Recorded data
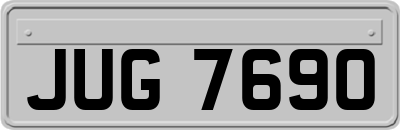 JUG7690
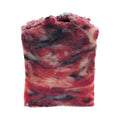 Black Raspberry Vanilla Cleansing Bar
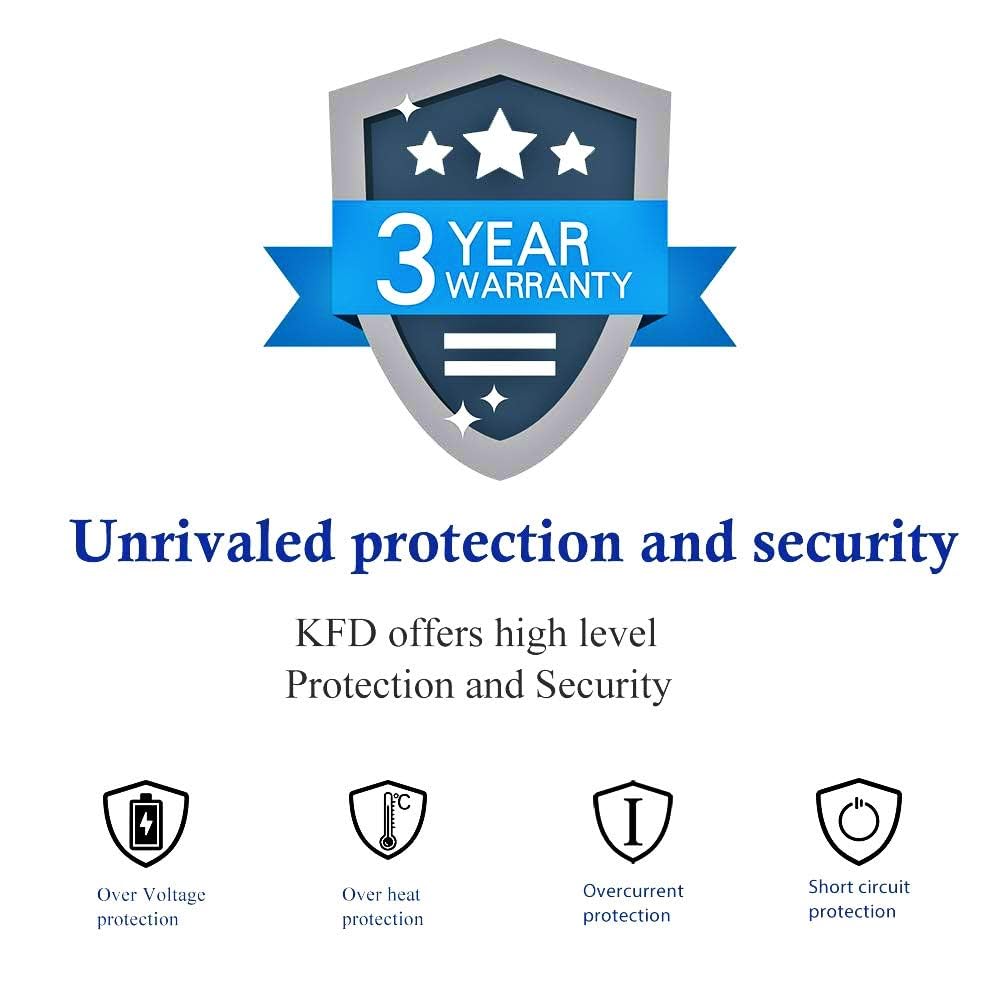 230W Charger Fit For Asus Rog Zephyrus S Gx531Gm Gx502Gw Gx701Gx Gx501 Gu501G Gu501Gm Gu501 Gu502Gv Rog Strix Gl703 Gl504Gm Gl70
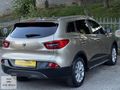 2017 KADJAR İCON CAM TAVAN 165.000 KM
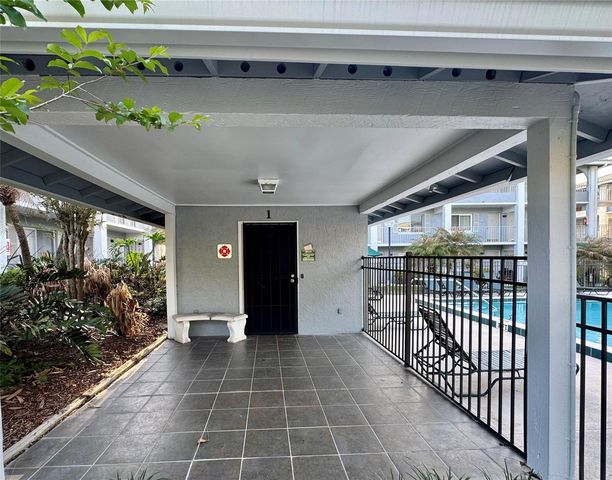 101 OYSTER BAY CIRCLE 210, Altamonte Springs, FL 32701
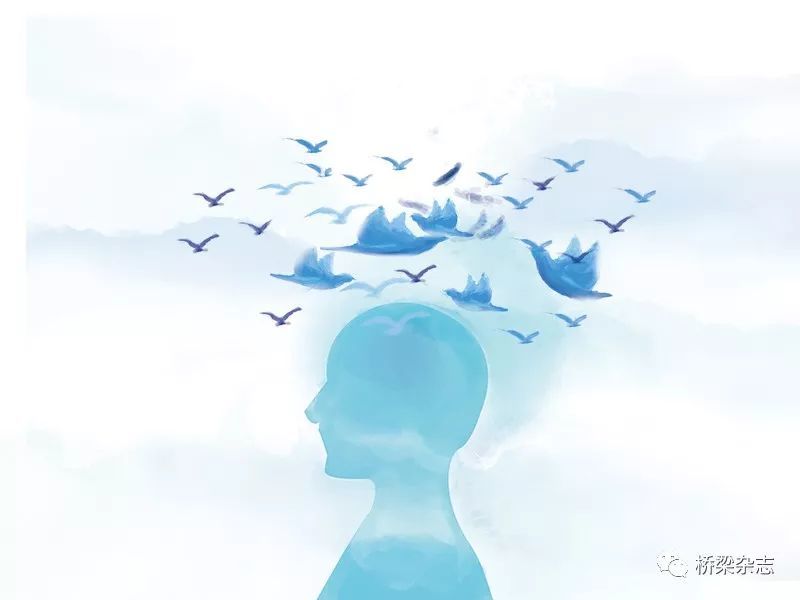 桥梁工程bim正向设计思维 腾讯新闻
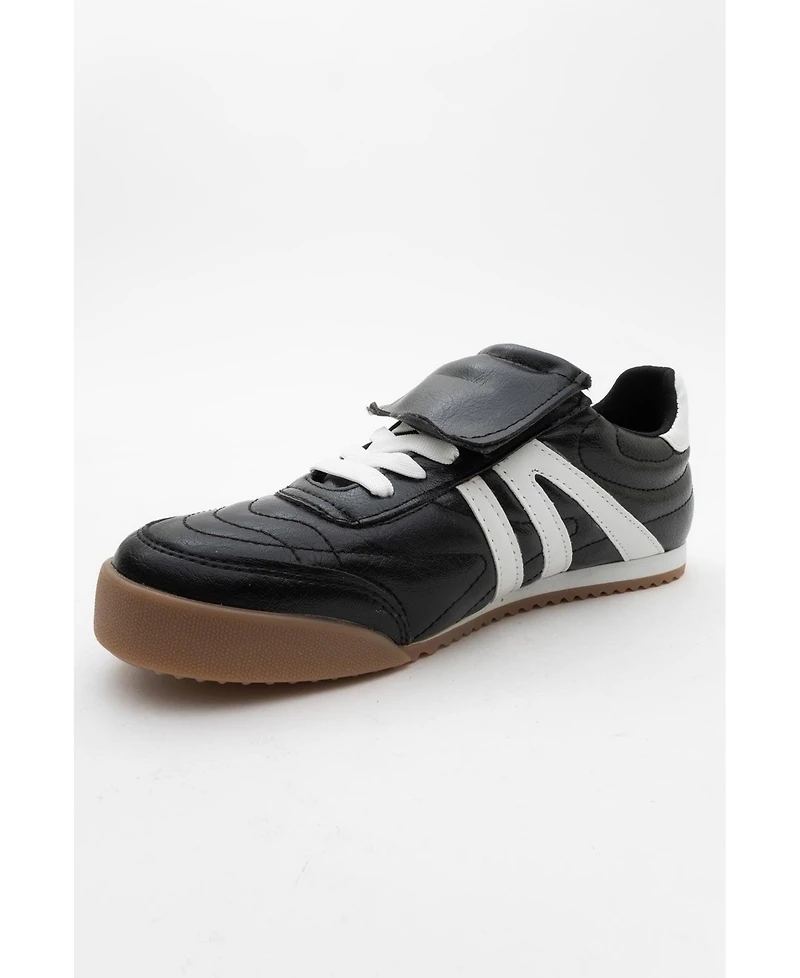 Prologue Shoes Bria Sneakers (Women)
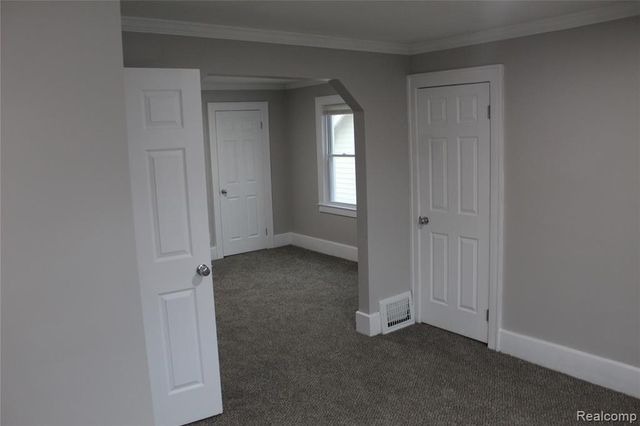 16260 Appoline Street, Detroit, MI 48235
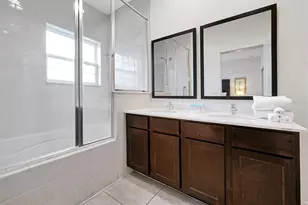 2669 Roadster Ln, Kissimmee, FL 34746 - Photo 25
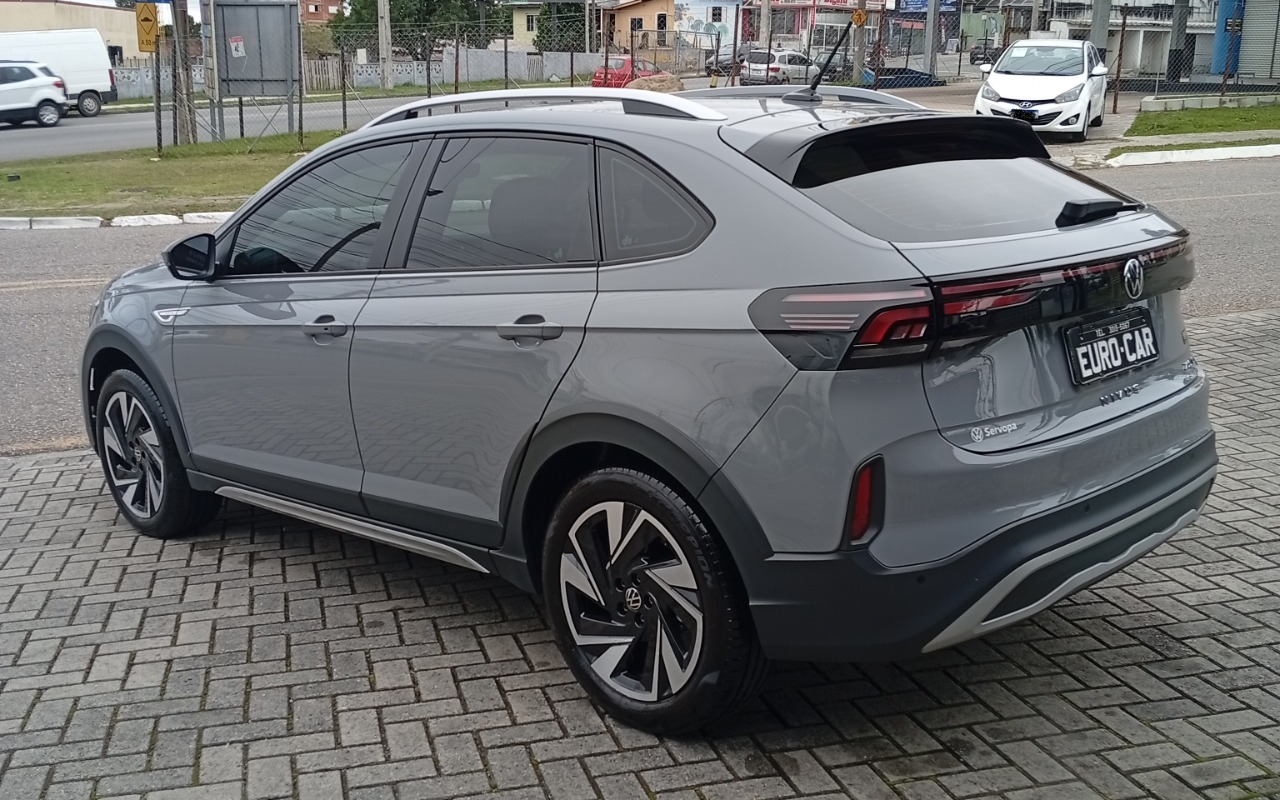 imagem-https://www.socarrao.com.br/sc-vehicle-images-prod/2838846/1784921665081-TklWVVMgSElHSExJTkUgMjAyNiAwNy5qcGc.jpg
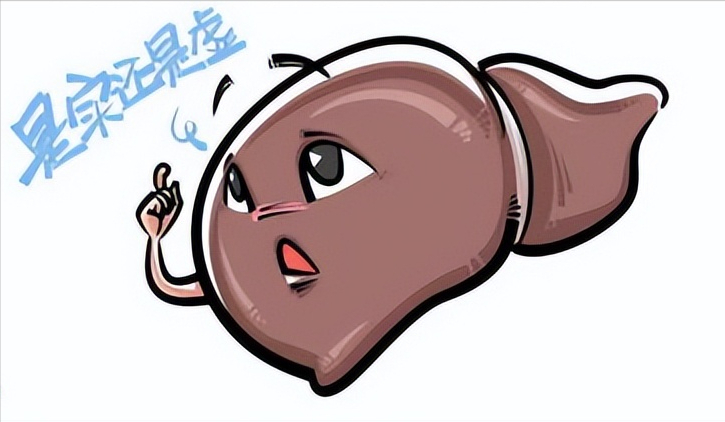 黄芪|气虚生百病,气足百病消,一味黄芪巧搭配,补五脏之气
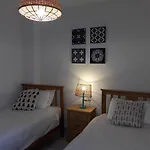 Resort Calahonda Garden-Medina Del Zoco Beach By H&H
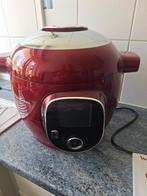 Cookeo comme neuf, Electroménager, Enlèvement, Comme neuf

**Directions for this task**
What is needed is an exact copy of all the data, with no images in it.

**Written answer**
 JUG7690
 Black Raspberry Vanilla Cleansing Bar
 230W Charger Fit For Asus Rog Zephyrus S Gx531Gm Gx502Gw Gx701Gx Gx501 Gu501G Gu501Gm Gu501 Gu502Gv Rog Strix Gl703 Gl504Gm Gl70
 2017 KADJAR İCON CAM TAVAN 165.000 KM
 101 OYSTER BAY CIRCLE 210, Altamonte Springs, FL 32701
 桥梁工程bim正向设计思维 腾讯新闻
 Prologue Shoes Bria Sneakers (Women)
 16260 Appoline Street, Detroit, MI 48235
 2669 Roadster Ln, Kissimmee, FL 34746 - Photo 25
 imagem-https://www.socarrao.com.br/sc-vehicle-images-prod/2838846/1784921665081-TklWVVMgSElHSExJTkUgMjAyNiAwNy5qcGc.jpg
 黄芪|气虚生百病,气足百病消,一味黄芪巧搭配,补五脏之气
 Resort Calahonda Garden-Medina Del Zoco Beach By H&H
 Cookeo comme neuf, Electroménager, Enlèvement, Comme neuf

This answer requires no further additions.